INPUT MATERIAL:
== Segment start ==
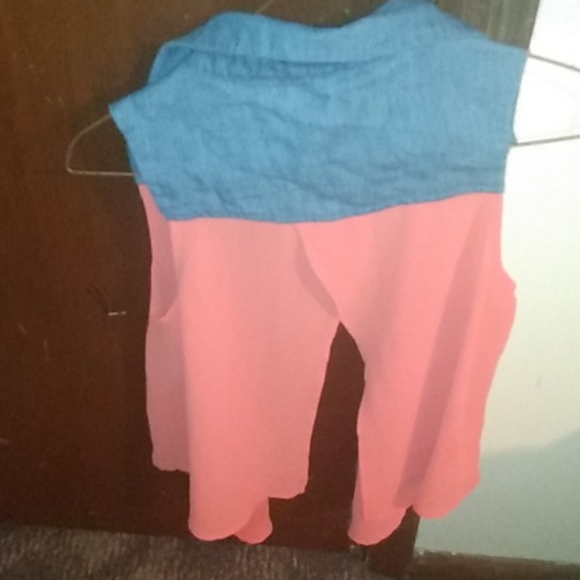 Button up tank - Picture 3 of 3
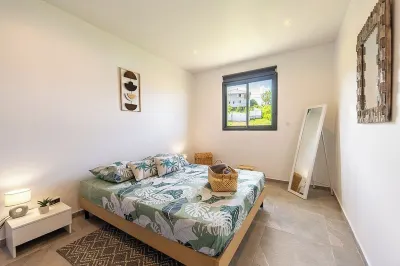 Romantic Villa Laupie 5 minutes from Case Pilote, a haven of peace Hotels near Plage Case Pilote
== Segment end ==
== Segment start ==
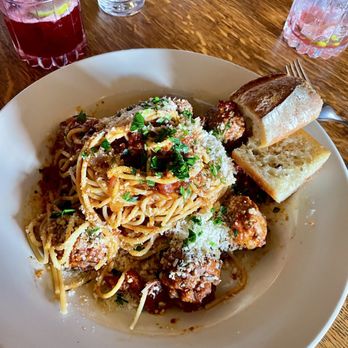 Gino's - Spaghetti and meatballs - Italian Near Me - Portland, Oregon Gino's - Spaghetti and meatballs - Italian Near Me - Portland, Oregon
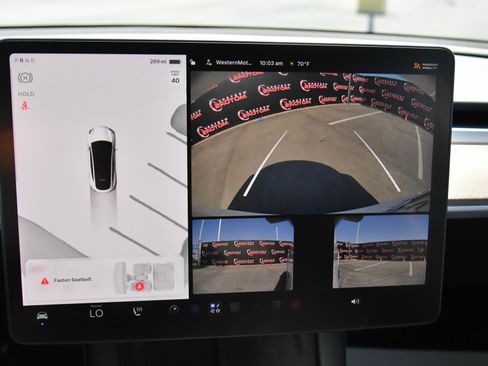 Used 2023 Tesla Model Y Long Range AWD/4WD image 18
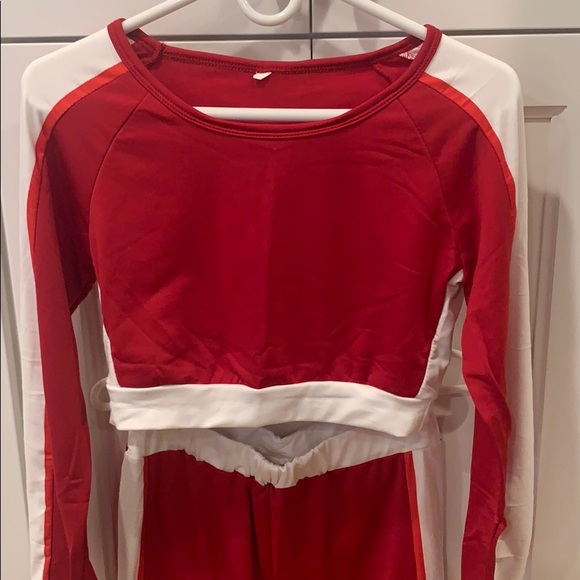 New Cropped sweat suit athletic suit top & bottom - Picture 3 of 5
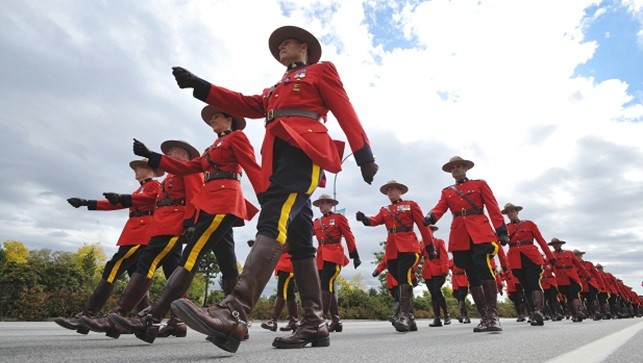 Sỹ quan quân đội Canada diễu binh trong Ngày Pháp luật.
== Segment end ==
PROBLEM TO WORK ON: Extract the part of the records that opens with the line containing "Button up tank - Picture 3 of 3" and closes with the line containing "Romantic Villa Laupie". Take only those lines, exactly, and no pictures.

ANSWER BOX:
 Button up tank - Picture 3 of 3
 Romantic Villa Laupie 5 minutes from Case Pilote, a haven of peace Hotels near Plage Case Pilote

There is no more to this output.